Cruz hit back on Rubio’s assertion of overthrowing dictators to try to promote democracy with moderate rebels taking over, which has resulted in countries being run by jihadists. “We need to learn from history; these same leaders — Obama, Clinton, and too many Republicans–want to topple Assad,” he said. “Assad is a bad man. Gadhafi was a bad man. Mubarak had a terrible human rights record. But they were assisting us, at least Gadhafi and Mubarak, in fighting radical Islamic terrorists.” Cruz added the moderate rebels are rare “mythical purple unicorns” that President Obama, Hillary Clinton and the Washington Republicans like Rubio are searching for only to find out they end up being jihadists.
After a series of mediocre debate performances, former Florida Governor Jeb Bush was eager to put up a fight and leave a mark. With his campaign on life support (the latest national polls have him at 3%), Bush finally put up a fight by attempting to lock horns with GOP front-runner Donald Trump.
When CNN moderator Wolf Blitzer asked Bush why he called Trump “unhinged” for his proposed ban on Muslims from entering the U.S., Bush answered “this is not a serious proposal.” Bush said the plan will make it harder for U.S. to destroy ISIS if we ban Muslims. He continued to attack Trump, which began an escalation between the two men, exchanging verbal blows throughout the night.

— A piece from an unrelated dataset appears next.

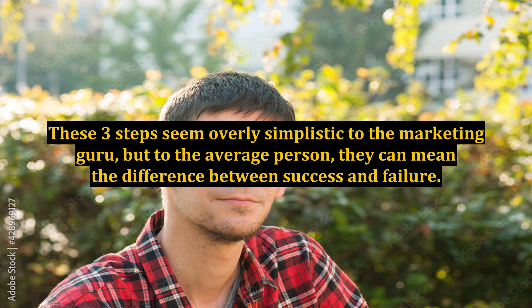These three steps may seem overly simplistic to the marketing guru, but to the average person, they can mean the difference between success and failure.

“So Donald is great at one-liners, but he is a chaos candidate,” Bush said.
“He said that very simply because he has failed in this campaign. It’s been a total disaster,” Trump fired back dismissing Bush’s attack.
Trump is currently leading with 41 percent in a Monmouth poll and 38% in Post/ABC poll, the two latest national polls since Trump called for banning of Muslims, proving that perhaps Americans support his proposed ban. With Trump holding the front-runner lead nationally since the summer, Bush, who doesn’t pose any threat to his campaign, attempted to prove he can take down Trump to save his struggling campaign. But as we have seen in this race so far, any conflict with Trump only elevates him and his poll numbers as the antagonist diminishes away.
Appearing more confident and aggressive than in previous debates, Bush would continue with his debate plan of disputing Trump’s past remarks. Trump was asked about his proposal to go after family members of terrorists, something Bush called “crazy.”
“This is another example of the lack of seriousness,” Bush said. “The idea that is a solution to this is just crazy, it makes no sense to suggest this.”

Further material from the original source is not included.